Wednesday, March 18, 2009 : Permalink

West Palm Beach (HedgeCo.net) – “We welcome the publication of the Turner Review, which is an impressive and comprehensive piece of work." Andrew Baker, Chief Executive of The Alternative Investment Management Association (AIMA), said, "It is about the banking system’s role in the current financial crisis and as such its principal focus is the banks, not the hedge fund industry. We are grateful to Lord Turner for his even-handed and measured approach and for not making hedge funds the scapegoat for this crisis."

"The Review says that regulators and central banks need to gather better macro-prudential information on hedge fund activities and we completely support this – in fact we called, in our new policy platform of the 24th February, for the disclosure of systemically significant information by hedge fund managers to their national regulators (not all assets are managed in a collective fund structure). We also called for a global manager authorisation and supervision template on the FSA model. AIMA took the lead on behalf of the hedge fund industry globally in these respects.
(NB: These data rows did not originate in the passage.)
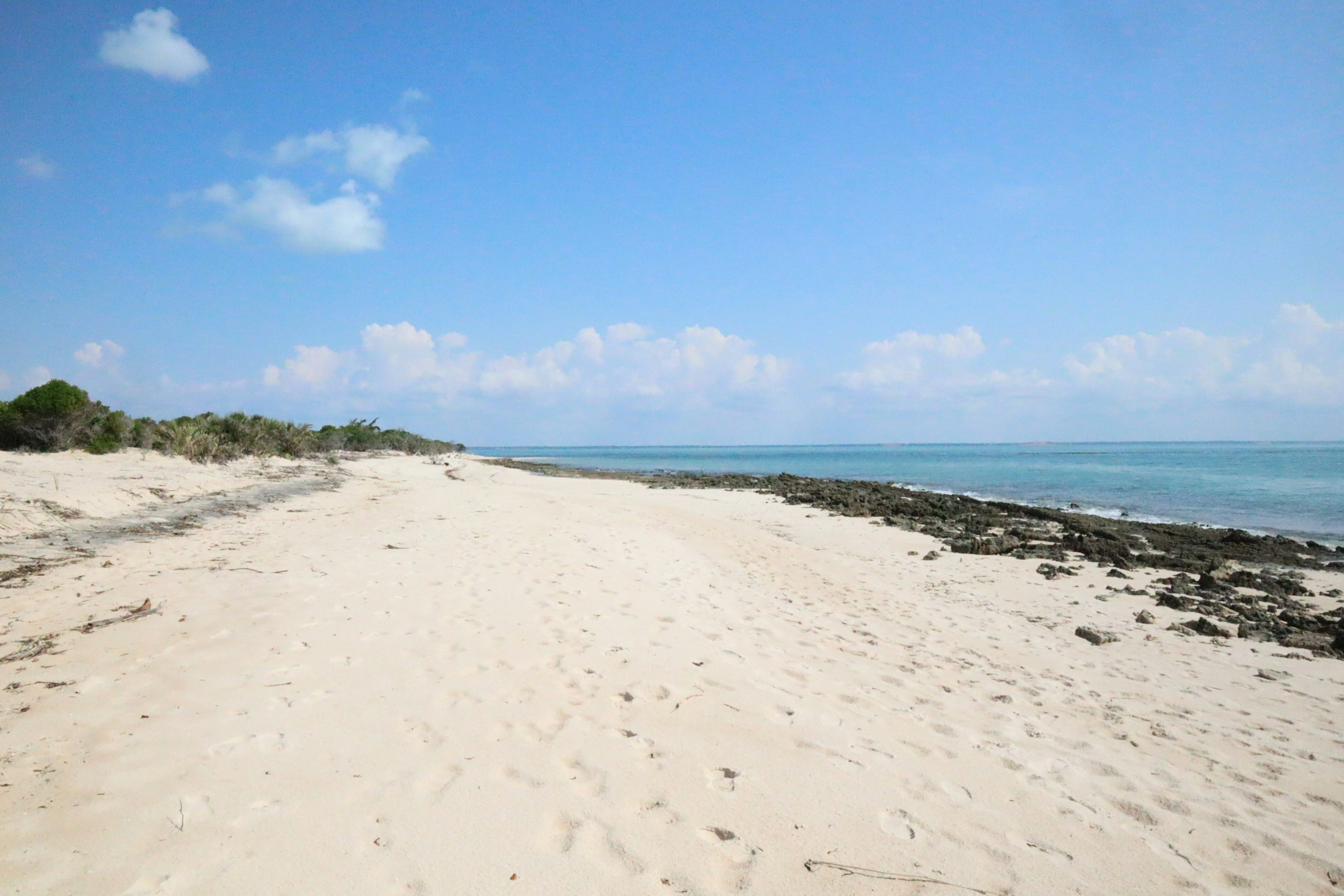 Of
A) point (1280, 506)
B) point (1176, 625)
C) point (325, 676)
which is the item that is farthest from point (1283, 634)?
point (1280, 506)

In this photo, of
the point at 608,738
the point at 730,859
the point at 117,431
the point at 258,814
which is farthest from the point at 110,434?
the point at 730,859

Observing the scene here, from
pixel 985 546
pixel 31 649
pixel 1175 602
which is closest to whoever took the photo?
pixel 31 649

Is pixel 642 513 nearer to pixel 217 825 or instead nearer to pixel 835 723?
pixel 835 723

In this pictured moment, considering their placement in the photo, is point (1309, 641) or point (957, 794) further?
point (1309, 641)

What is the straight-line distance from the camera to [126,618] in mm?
5211

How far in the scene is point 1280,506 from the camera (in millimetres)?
23250

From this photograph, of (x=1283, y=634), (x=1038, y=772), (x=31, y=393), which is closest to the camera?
(x=1038, y=772)

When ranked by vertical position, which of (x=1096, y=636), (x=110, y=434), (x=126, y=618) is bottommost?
(x=1096, y=636)

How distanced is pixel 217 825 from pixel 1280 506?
33.3 metres

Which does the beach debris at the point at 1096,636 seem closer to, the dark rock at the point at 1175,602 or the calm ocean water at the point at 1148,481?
the dark rock at the point at 1175,602

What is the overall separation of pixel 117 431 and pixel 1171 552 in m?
30.0

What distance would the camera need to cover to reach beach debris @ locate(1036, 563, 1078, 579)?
1096 cm

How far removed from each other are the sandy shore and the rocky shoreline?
1.52m

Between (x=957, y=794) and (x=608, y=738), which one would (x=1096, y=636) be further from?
(x=608, y=738) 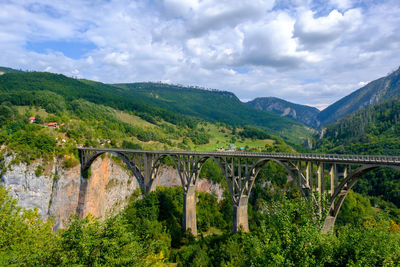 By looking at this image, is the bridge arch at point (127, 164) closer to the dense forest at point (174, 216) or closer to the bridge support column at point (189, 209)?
the dense forest at point (174, 216)

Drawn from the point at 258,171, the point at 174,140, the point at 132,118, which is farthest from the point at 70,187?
the point at 132,118

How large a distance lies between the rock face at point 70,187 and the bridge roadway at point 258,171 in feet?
15.3

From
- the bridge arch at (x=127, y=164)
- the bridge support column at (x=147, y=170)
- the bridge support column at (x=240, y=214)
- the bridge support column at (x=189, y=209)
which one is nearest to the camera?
the bridge support column at (x=240, y=214)

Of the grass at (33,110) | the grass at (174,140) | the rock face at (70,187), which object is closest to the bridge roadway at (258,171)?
the rock face at (70,187)

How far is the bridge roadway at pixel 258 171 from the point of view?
23.9 metres

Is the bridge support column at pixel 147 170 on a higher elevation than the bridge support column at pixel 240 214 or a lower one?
higher

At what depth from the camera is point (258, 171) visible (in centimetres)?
3531

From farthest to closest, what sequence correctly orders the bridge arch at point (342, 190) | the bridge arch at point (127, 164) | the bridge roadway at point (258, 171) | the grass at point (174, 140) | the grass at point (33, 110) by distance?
the grass at point (174, 140) < the grass at point (33, 110) < the bridge arch at point (127, 164) < the bridge roadway at point (258, 171) < the bridge arch at point (342, 190)

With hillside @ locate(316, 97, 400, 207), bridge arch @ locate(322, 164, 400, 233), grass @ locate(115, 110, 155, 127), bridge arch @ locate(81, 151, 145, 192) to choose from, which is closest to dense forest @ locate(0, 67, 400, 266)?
hillside @ locate(316, 97, 400, 207)

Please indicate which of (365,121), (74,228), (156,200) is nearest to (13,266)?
(74,228)

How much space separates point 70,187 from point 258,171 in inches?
1926

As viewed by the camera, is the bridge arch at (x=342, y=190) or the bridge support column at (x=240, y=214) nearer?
the bridge arch at (x=342, y=190)

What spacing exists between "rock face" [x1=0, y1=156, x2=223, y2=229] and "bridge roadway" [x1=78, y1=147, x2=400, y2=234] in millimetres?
4649

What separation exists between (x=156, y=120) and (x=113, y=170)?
94587 mm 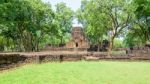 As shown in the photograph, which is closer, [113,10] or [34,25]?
[113,10]

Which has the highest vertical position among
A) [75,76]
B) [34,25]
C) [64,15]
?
[64,15]

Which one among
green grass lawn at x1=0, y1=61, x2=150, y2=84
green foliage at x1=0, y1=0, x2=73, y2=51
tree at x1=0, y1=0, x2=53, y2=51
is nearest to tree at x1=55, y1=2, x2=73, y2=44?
green foliage at x1=0, y1=0, x2=73, y2=51

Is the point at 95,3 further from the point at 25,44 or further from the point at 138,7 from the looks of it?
the point at 25,44

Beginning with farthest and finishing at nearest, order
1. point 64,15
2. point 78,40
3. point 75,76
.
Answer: point 64,15 < point 78,40 < point 75,76

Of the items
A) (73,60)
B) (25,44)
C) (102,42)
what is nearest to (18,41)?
(25,44)

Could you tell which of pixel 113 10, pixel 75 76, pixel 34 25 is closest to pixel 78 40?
pixel 34 25

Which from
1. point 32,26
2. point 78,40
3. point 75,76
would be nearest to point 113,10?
point 78,40

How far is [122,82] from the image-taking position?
14.4m

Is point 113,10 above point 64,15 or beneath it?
beneath

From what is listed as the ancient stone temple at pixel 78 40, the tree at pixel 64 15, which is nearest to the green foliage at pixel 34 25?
the tree at pixel 64 15

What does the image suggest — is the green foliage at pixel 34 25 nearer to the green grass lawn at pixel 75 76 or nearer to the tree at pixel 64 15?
the tree at pixel 64 15

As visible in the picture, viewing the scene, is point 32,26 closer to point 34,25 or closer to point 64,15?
point 34,25

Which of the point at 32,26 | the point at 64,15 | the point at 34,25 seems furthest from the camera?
the point at 64,15

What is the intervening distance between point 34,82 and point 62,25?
54.6 meters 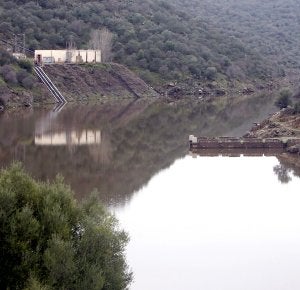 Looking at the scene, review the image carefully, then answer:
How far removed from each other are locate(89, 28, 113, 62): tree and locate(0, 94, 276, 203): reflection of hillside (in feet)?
46.8

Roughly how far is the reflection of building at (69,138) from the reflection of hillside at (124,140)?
739 mm

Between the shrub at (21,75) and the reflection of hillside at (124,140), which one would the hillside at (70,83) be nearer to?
the shrub at (21,75)

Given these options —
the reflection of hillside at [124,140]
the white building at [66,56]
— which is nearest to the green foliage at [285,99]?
the reflection of hillside at [124,140]

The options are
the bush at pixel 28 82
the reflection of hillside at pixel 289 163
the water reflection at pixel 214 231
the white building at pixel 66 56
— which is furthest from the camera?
the white building at pixel 66 56

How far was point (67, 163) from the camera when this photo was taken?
40688mm

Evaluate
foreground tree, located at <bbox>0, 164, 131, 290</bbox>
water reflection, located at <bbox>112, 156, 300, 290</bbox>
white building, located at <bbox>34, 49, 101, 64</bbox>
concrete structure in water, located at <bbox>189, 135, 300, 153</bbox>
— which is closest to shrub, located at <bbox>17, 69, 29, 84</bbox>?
white building, located at <bbox>34, 49, 101, 64</bbox>

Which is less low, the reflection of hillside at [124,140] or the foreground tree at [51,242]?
the reflection of hillside at [124,140]

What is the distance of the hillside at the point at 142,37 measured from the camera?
93.8m

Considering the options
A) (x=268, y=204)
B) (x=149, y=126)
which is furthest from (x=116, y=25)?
(x=268, y=204)

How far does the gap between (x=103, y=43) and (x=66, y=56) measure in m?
7.93

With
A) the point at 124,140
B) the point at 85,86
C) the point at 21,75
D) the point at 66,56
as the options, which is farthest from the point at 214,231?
the point at 66,56

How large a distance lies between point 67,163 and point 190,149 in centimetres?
1112

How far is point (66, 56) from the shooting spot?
8888cm

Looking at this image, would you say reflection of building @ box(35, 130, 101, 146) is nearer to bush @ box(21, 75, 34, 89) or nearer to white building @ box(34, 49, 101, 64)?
bush @ box(21, 75, 34, 89) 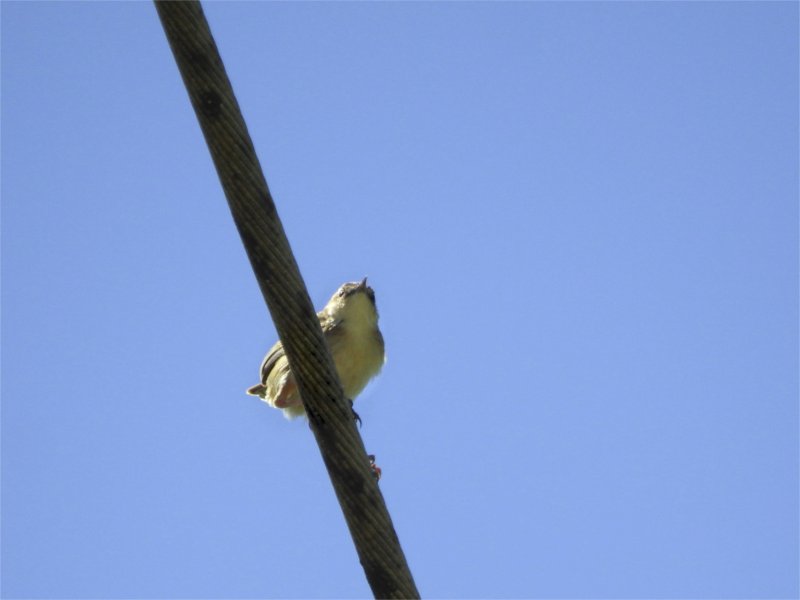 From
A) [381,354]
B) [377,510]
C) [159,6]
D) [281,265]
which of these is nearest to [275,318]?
[281,265]

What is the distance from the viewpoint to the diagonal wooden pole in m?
4.14

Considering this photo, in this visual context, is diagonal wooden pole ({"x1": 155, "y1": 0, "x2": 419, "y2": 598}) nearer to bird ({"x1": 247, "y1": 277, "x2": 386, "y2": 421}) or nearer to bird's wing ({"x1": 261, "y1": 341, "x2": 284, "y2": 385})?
bird ({"x1": 247, "y1": 277, "x2": 386, "y2": 421})

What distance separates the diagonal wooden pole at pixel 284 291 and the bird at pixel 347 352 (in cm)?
370

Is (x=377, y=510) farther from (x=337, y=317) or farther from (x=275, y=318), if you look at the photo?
(x=337, y=317)

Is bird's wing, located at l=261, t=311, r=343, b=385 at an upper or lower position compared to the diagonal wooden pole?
upper

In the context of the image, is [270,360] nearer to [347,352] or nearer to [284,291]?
[347,352]

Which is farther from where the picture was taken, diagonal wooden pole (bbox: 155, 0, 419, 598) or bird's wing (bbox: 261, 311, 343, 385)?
bird's wing (bbox: 261, 311, 343, 385)

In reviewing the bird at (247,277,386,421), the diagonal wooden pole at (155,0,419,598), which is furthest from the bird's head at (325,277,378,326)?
the diagonal wooden pole at (155,0,419,598)

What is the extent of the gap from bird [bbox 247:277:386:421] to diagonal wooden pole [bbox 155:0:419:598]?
146 inches

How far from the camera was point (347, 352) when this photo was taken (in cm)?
841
We are glad that the Review points out that hedge fund leverage “is typically well below that of banks – about two to three on average” compared with levels of up to 50 times with some of the banks; and that “hedge funds in general are not today bank-like in their activities”.

Given those qualifications, we do appreciate why in the interests of financial stability the Review says that regulators need the power to apply appropriate prudential regulation to hedge funds if they judge that their activities have become bank-like in importance.

We note that any such regulation is hypothetical at present (the Review talks of “if it ever did become appropriate” to do this) and we are glad that Lord Turner has stressed that any regulation in this respect should focus on economic substance not legal form.”

AIMA has more than 1,200 corporate members worldwide, based in 43 countries.

Members include leading hedge fund managers, fund of hedge funds managers, prime brokers, legal and accounting firms and fund administrators. They all benefit from AIMA’s active influence in policy development, its leadership in industry initiatives, including education and sound practice manuals and its excellent reputation with regulators worldwide.